* INFORMATION SUPPLIED
■ ■ ■ ■ ■

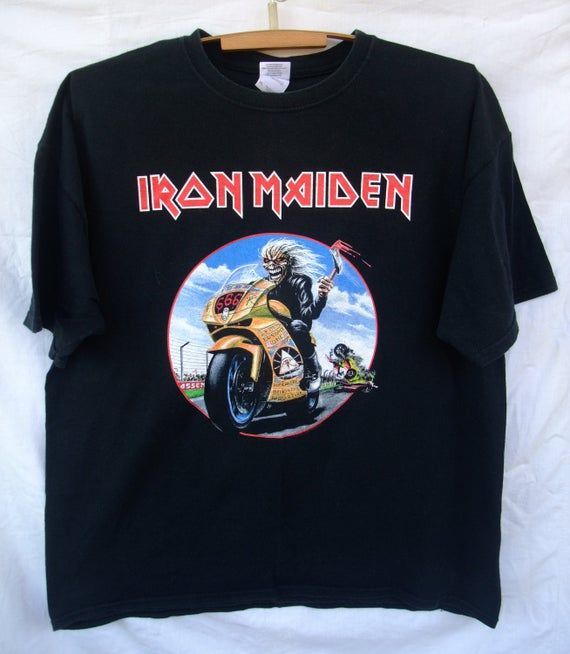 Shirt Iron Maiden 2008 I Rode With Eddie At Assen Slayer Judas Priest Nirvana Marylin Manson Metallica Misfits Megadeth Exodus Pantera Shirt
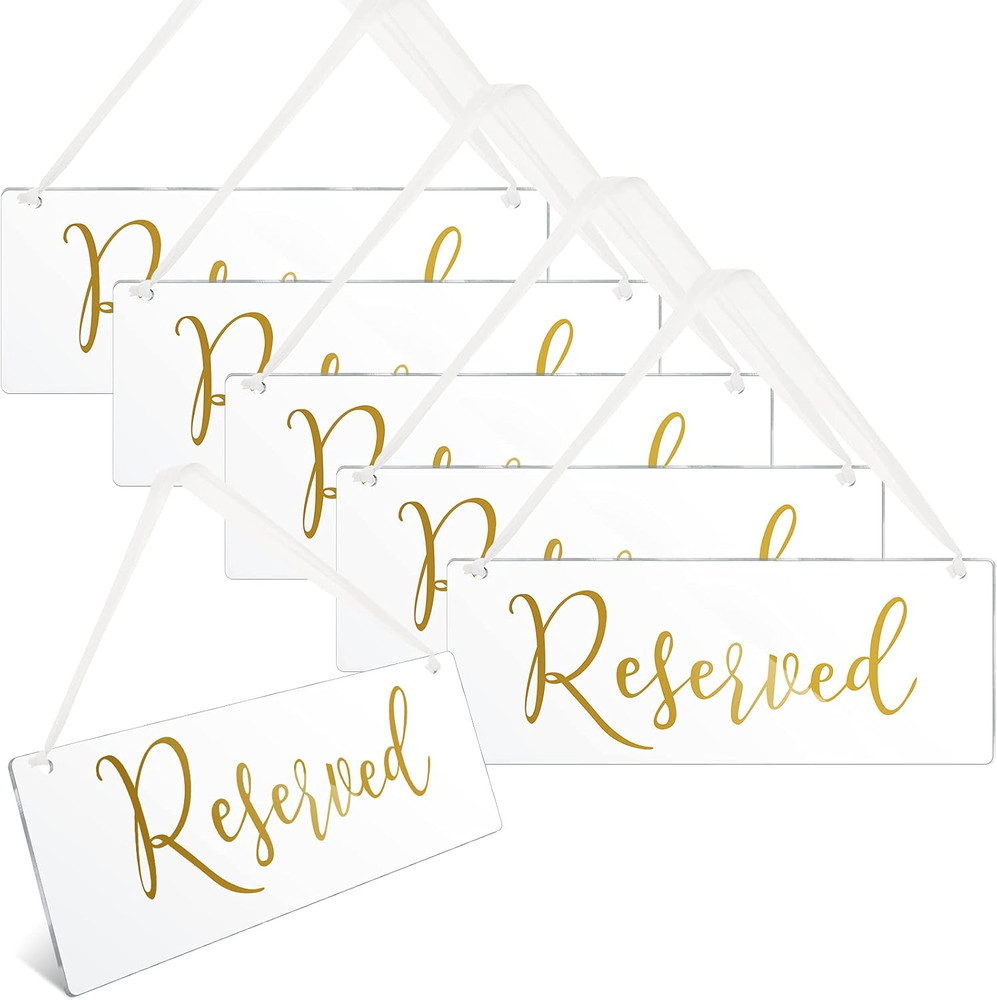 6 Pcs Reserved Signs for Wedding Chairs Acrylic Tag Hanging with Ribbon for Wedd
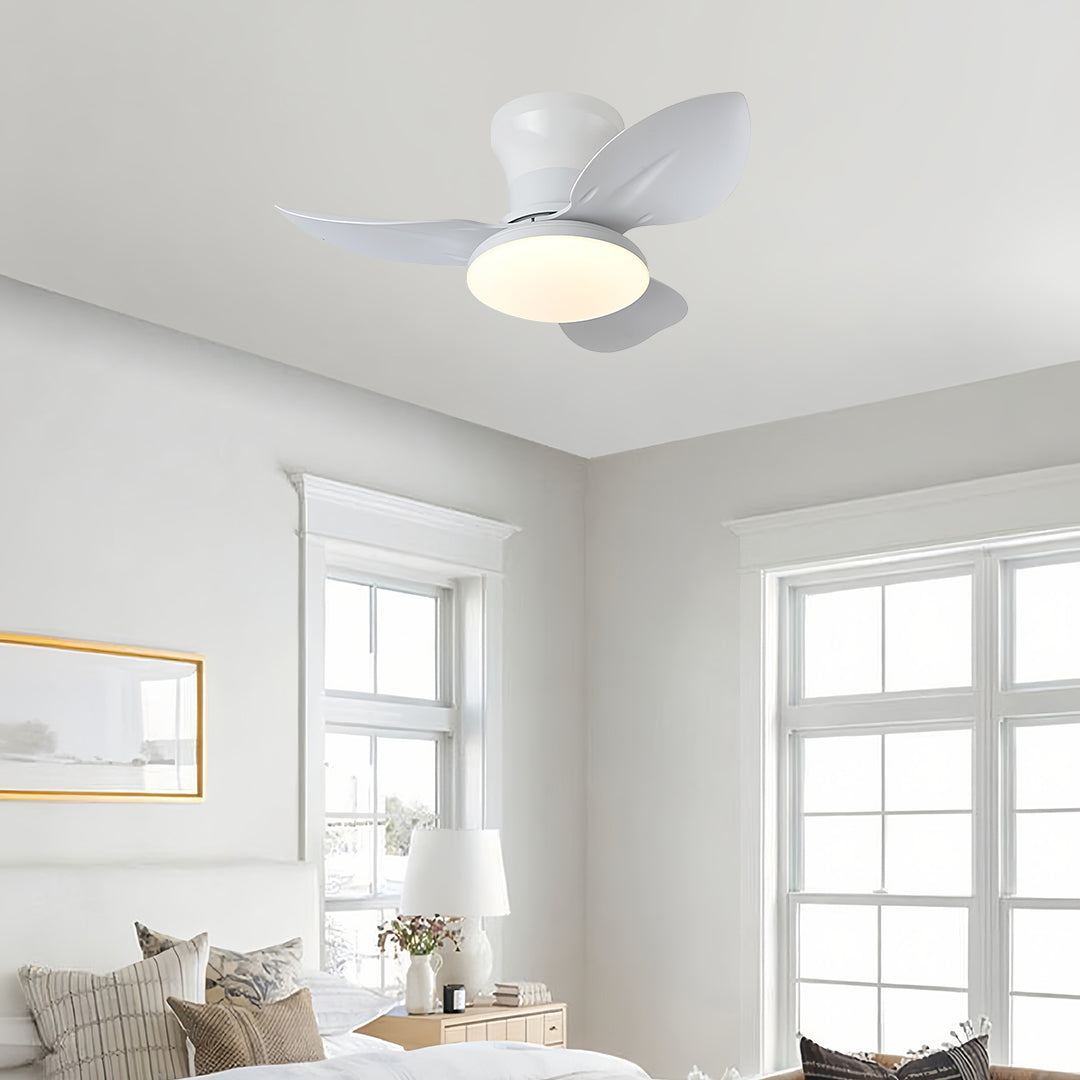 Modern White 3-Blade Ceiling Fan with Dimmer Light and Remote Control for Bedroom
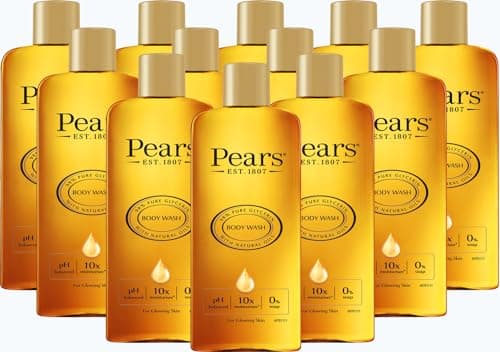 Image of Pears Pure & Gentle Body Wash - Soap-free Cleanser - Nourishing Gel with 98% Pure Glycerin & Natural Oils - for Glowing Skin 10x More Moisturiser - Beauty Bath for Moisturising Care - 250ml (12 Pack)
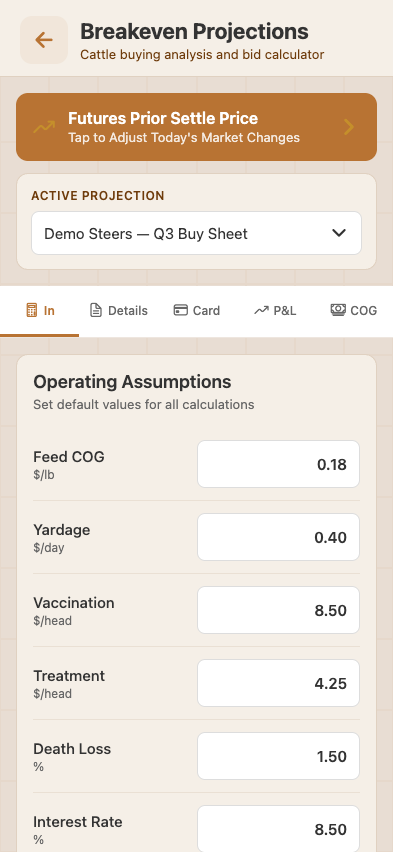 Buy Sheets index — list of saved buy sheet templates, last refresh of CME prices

■ ■ ■ ■ ■

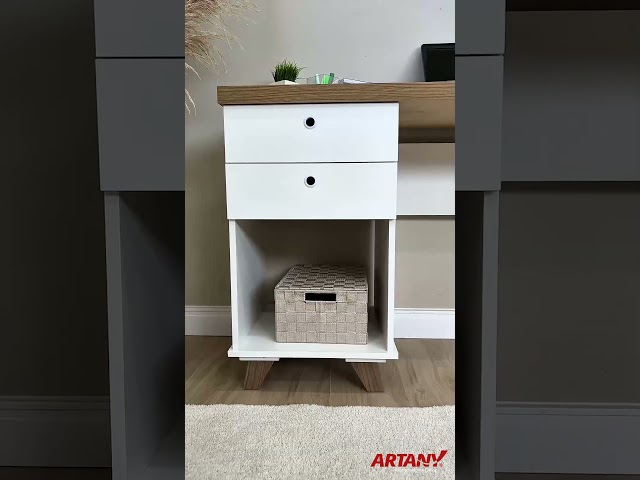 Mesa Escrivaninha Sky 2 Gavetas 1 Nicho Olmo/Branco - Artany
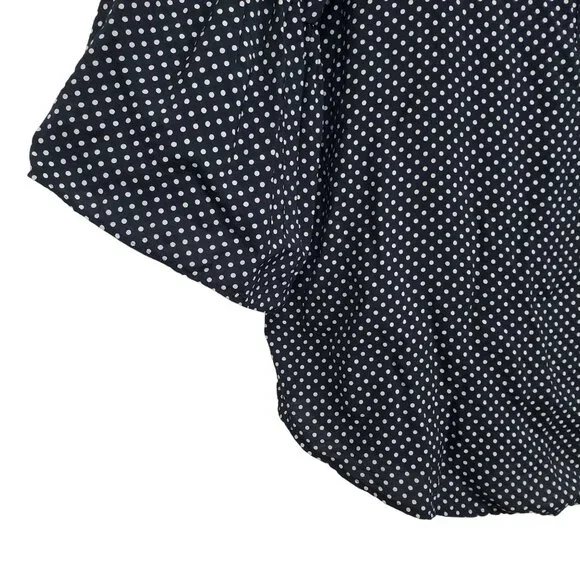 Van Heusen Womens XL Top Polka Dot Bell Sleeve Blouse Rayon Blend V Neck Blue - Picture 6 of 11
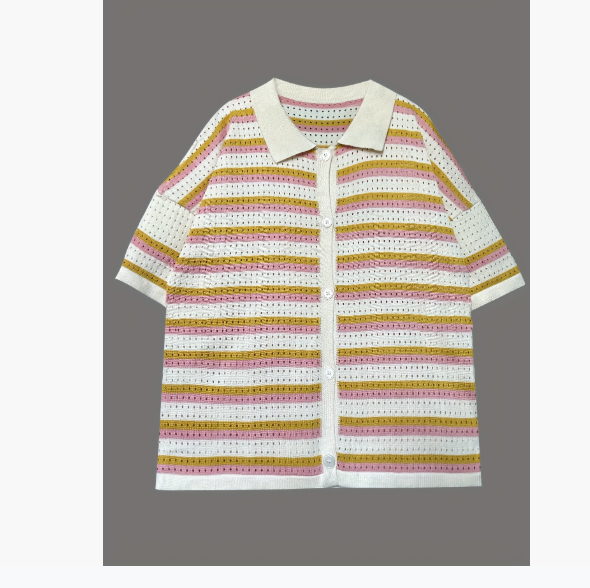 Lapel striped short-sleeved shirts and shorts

■ ■ ■ ■ ■

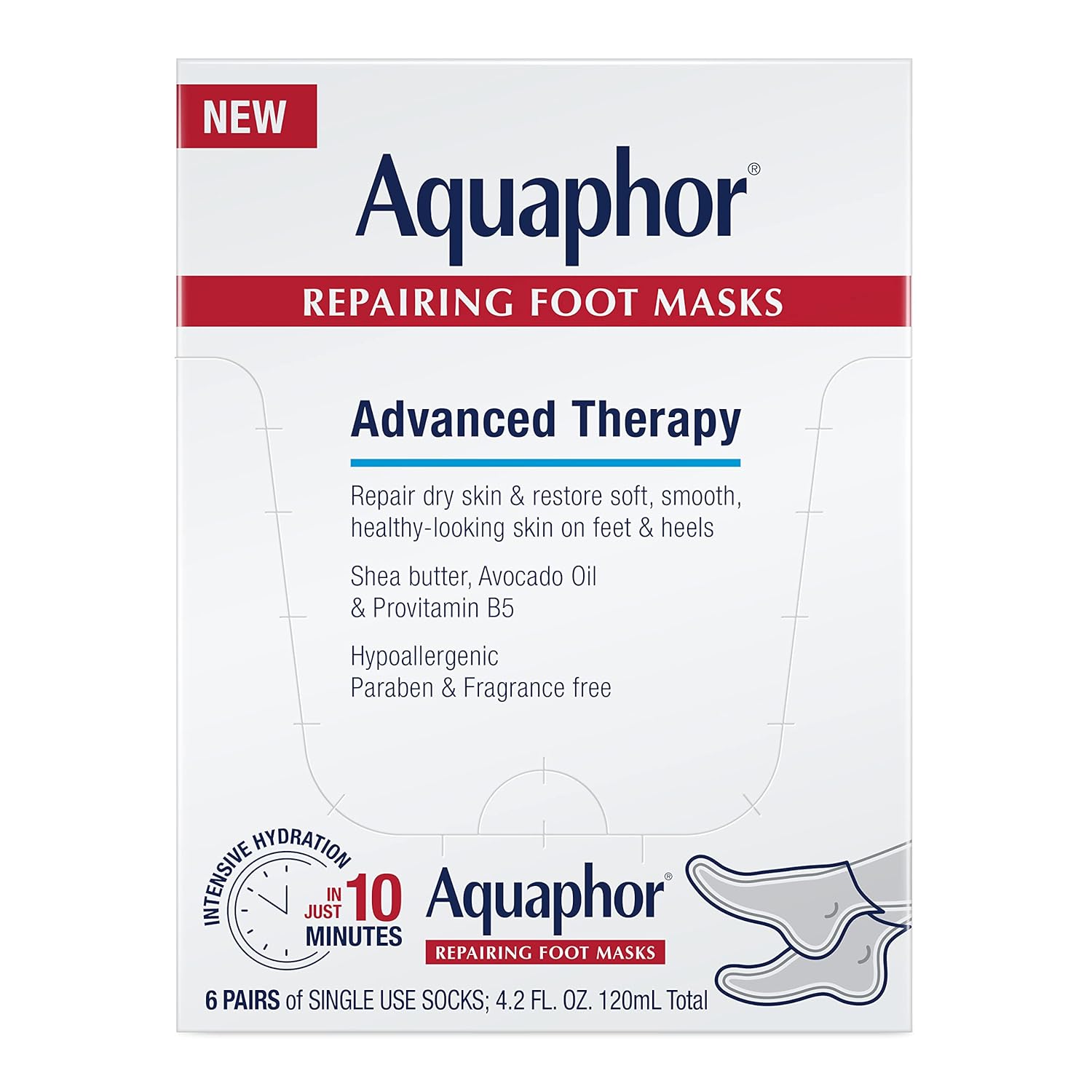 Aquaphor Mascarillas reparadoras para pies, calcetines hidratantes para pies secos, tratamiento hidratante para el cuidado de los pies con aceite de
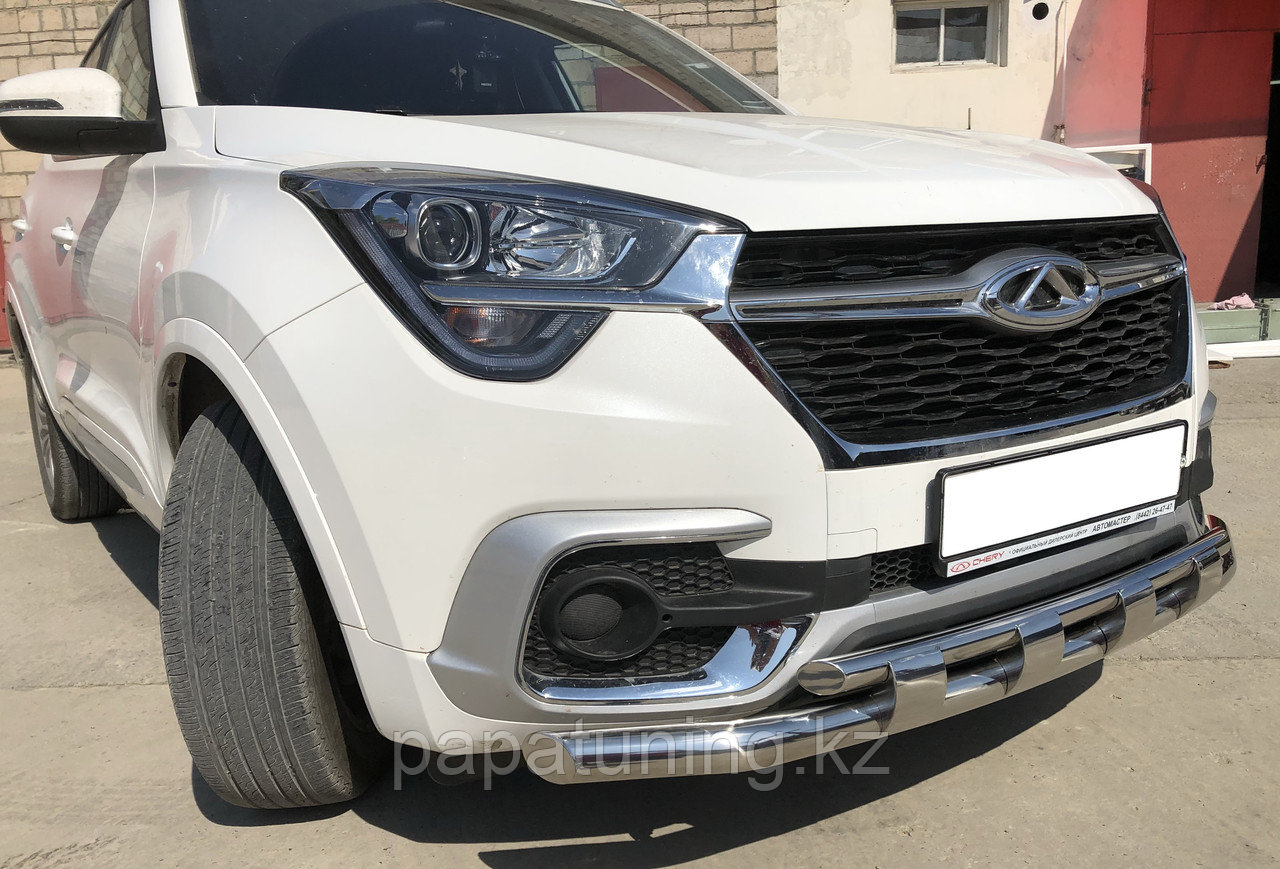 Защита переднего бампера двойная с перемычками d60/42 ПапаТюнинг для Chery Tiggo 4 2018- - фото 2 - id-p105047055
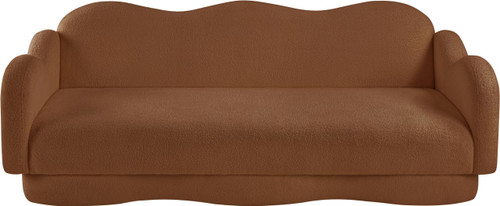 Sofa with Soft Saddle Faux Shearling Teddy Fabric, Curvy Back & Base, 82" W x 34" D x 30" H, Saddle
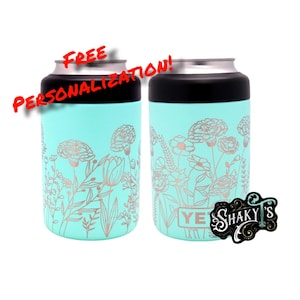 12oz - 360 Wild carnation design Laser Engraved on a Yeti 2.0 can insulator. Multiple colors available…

■ ■ ■ ■ ■

* WORK TASK
Although pictures appear among the records above, write out exactly only the lines from the one that has "6 Pcs Reserved" through the one that has "Buy Sheets index", and leave the pictures out.

* RESULT OF THE TASK
 6 Pcs Reserved Signs for Wedding Chairs Acrylic Tag Hanging with Ribbon for Wedd
 Modern White 3-Blade Ceiling Fan with Dimmer Light and Remote Control for Bedroom
 Image of Pears Pure & Gentle Body Wash - Soap-free Cleanser - Nourishing Gel with 98% Pure Glycerin & Natural Oils - for Glowing Skin 10x More Moisturiser - Beauty Bath for Moisturising Care - 250ml (12 Pack)
 Buy Sheets index — list of saved buy sheet templates, last refresh of CME prices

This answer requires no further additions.